Here are two ways. The first way creates dimnames for the matrix about to be created and then strings out the data into a matrix, transposes it and converts it to data frame. The second way creates a by list consisting of year and month variables and uses tapply on that later converting to data frame and adding names.
# create test data
set.seed(123)
tt <- ts(rnorm(12*5, 17, 8), start=c(1981,1), frequency = 12)
1) matrix. This solution requires that we have whole consecutive years
dmn <- list(month.abb, unique(floor(time(tt))))
as.data.frame(t(matrix(tt, 12, dimnames = dmn)))
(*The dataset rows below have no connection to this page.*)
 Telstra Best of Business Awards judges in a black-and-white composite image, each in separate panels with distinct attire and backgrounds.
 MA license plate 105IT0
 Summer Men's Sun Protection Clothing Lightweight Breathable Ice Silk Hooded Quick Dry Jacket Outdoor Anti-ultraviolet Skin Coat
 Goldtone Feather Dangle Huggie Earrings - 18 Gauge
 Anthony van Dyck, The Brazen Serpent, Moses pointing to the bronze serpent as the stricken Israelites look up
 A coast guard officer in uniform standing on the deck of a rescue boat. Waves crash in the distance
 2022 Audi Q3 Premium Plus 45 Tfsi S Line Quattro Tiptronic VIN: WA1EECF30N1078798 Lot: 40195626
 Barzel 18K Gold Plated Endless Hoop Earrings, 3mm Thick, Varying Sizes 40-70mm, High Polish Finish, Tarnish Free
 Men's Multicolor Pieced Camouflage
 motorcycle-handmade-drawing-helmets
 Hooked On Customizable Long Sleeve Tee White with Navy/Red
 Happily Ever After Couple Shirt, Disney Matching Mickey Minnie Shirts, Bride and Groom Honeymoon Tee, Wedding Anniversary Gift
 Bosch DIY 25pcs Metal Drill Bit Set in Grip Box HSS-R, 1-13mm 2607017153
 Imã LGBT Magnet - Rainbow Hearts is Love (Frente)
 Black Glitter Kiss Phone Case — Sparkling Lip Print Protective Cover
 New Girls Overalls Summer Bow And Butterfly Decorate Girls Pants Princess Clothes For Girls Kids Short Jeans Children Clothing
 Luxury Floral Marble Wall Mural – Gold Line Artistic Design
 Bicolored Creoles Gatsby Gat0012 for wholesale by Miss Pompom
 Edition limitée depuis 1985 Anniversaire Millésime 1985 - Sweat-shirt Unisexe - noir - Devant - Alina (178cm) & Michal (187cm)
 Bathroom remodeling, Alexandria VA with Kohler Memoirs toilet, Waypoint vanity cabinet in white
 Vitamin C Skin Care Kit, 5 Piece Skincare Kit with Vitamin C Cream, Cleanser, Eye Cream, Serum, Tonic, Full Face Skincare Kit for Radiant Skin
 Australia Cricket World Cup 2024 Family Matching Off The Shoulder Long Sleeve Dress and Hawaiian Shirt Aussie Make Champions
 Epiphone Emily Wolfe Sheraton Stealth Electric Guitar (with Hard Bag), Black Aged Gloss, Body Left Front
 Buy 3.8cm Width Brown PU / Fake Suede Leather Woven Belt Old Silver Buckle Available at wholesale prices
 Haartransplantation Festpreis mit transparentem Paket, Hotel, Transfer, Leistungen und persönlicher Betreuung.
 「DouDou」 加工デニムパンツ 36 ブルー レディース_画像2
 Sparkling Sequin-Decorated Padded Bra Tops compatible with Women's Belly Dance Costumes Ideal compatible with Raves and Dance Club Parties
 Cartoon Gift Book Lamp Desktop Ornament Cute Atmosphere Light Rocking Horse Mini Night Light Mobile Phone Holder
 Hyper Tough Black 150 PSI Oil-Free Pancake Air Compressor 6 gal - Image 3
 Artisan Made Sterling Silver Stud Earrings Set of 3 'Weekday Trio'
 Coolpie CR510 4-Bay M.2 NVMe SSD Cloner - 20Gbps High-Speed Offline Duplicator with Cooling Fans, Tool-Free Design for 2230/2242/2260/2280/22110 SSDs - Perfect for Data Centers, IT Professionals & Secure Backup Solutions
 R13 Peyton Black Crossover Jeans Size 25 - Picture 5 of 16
If we don’t care about the nice names it is just as.data.frame(t(matrix(tt, 12))) .
We could replace the dmn<- line with the following simpler line using @thelatemail’s comment:
dmn <- dimnames(.preformat.ts(tt))
2) tapply. A more general solution using tapply is the following:
Month <- factor(cycle(tt), levels = 1:12, labels = month.abb)
tapply(tt, list(year = floor(time(tt)), month = Month), c)
Note: To invert this suppose X is any of the solutions above. Then try:
ts(c(t(X)), start = 1981, freq = 12)
Update
Improvement motivated by comments of @latemail below.